*Auto Focus (R)
Sony Pictures Classics
Paul Shrader's bleak and mesmerizing biopic of 1960s television star Bob Crane begins with a splashy credit sequence of pastel-shaded martini glasses, cigarette holders, pin-up photos and celebrity mugs, evoking the easy cool of the era that brought us Dean Martin and the birth of the television sit-com. Ironically, when Crane was offered the lead in Hogan's Heroes, a comedy set in a World War II German prison camp, he hesitated to take the role for fear that it would be a "career killer." As it turned out, it catapulted him to instant fame -- a condition that would ultimately fuel his insatiable pursuit of sex and pornographic images and would certify his murder in a Scottsdale, Ariz. hotel room as a "celebrity" killing.
But by the time Bob Crane -- once a straight-arrow family man, cocky but teetotaling and churchgoing -- was bludgeoned to death, he had fallen into relative obscurity, except for his sordid reputation as a Hollywood "swinger." He had driven away two wives and families, was unable to get screen work because of his image problem, and was so far gone in his sexual addiction that there was no turning back.
Through it all, Crane perceived himself as "a likable guy."
Auto Focus is about the dark side of a clueless, blandly attractive, likable guy who sleepwalks through life with no self-awareness, no conscience and no moral compass. Greg Kinnear plays Crane with affable ease that descends in the second act into loneliness and tragic self-delusion.
Shrader (Affliction, American Gigolo, writer of Taxi Driver) is no stranger to the seedier side of personal and social exile. A film scholar turned screenwriter raised in a strict Calvinist family, he uses characters to explore the evils of modern life. In Auto Focus, Bob Crane the actor becomes the blank slate of sexual addiction where the sex act is anything but satisfying and voyeurism and exhibitionism, via taped and photographed images, become the forbidden fruit.
The film's first act depicts Crane's family life with his high-school sweetheart Ann, deftly played by Rita Wilson, and their adorable family, perfect Donna Reed Show knockoffs. When Hogan's Heroes takes off and the hyperactive Crane needs an after-work diversion, he is shepherded to the dark side by a photo technology geek named John Carpenter (Willem Dafoe). Soon Crane and "Carpy" are cruising strip joints and staging orgies in Carpy's bachelor pad, videotaping sexual trysts for later visual stimulation. They're "two wild and crazy guys" gone bad. Very bad.
Their friendship and mutual dependency -- Carpy's on Crane for attracting chicks, Crane's on Carpy for video servicing -- become central to the story, illustrating the cruelty of the addictive personality -- using, self-serving and blind to its effects on others.

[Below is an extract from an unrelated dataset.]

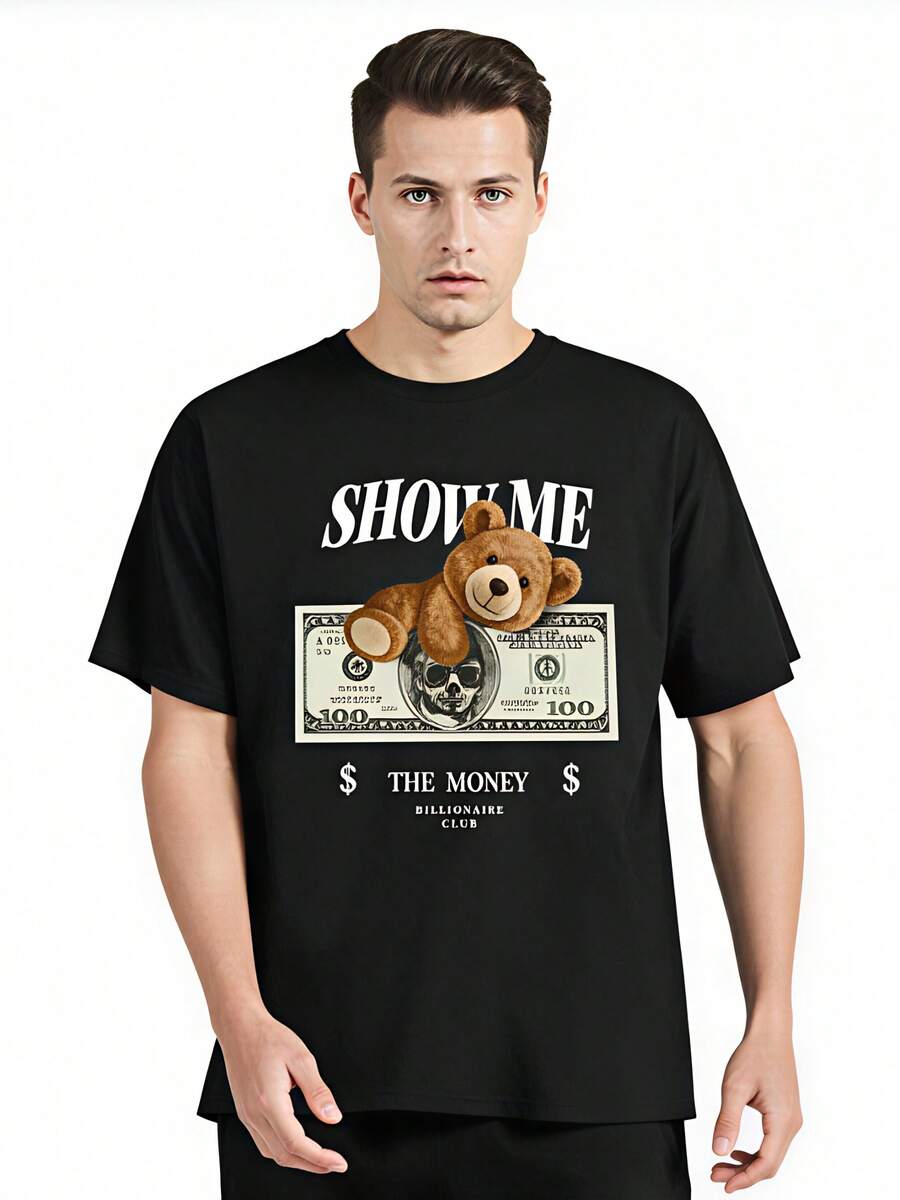 Camiseta con estampado de oso, camiseta gráfica de moda fitness de algodón, ropa para hombre, camiseta oversize unisex, camiseta divertida de estilo callejero - Negro - Ver 1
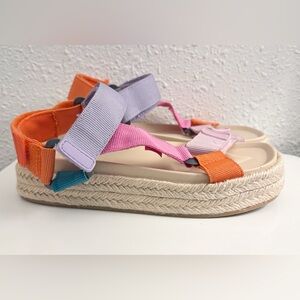 Zara girls pink purple orange adjustable straps jute sandals size 1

This is at once a repelling and compelling film to watch. Crane and Carpy are such sleaze buckets that you feel the urge to flee the theater to wash your face and hands about every 20 minutes. But Shrader's direction and respectful, sound performances by all the actors keep you in your seat. The filming moves from dolly shots to Steadicam to handheld camera, from bright lights and peppermint shades to darker, harsher lighting and hideous close-ups as the drama moves from cheerful order to chaos. The effect, while a bit too obvious, is jangling and suitably nerve-wracking. Less effective is the director's choice of using a from-the-grave, cheery narrative voice-over, provided by Kinnear, to move the story forward in time.
Kinnear's performance is one of the year's best, and the actor's sure entre into big-league roles. He doesn't impersonate Bob Crane, though he captures many of his physical gestures. He becomes the host of Bob Crane's demons, and that is something to see.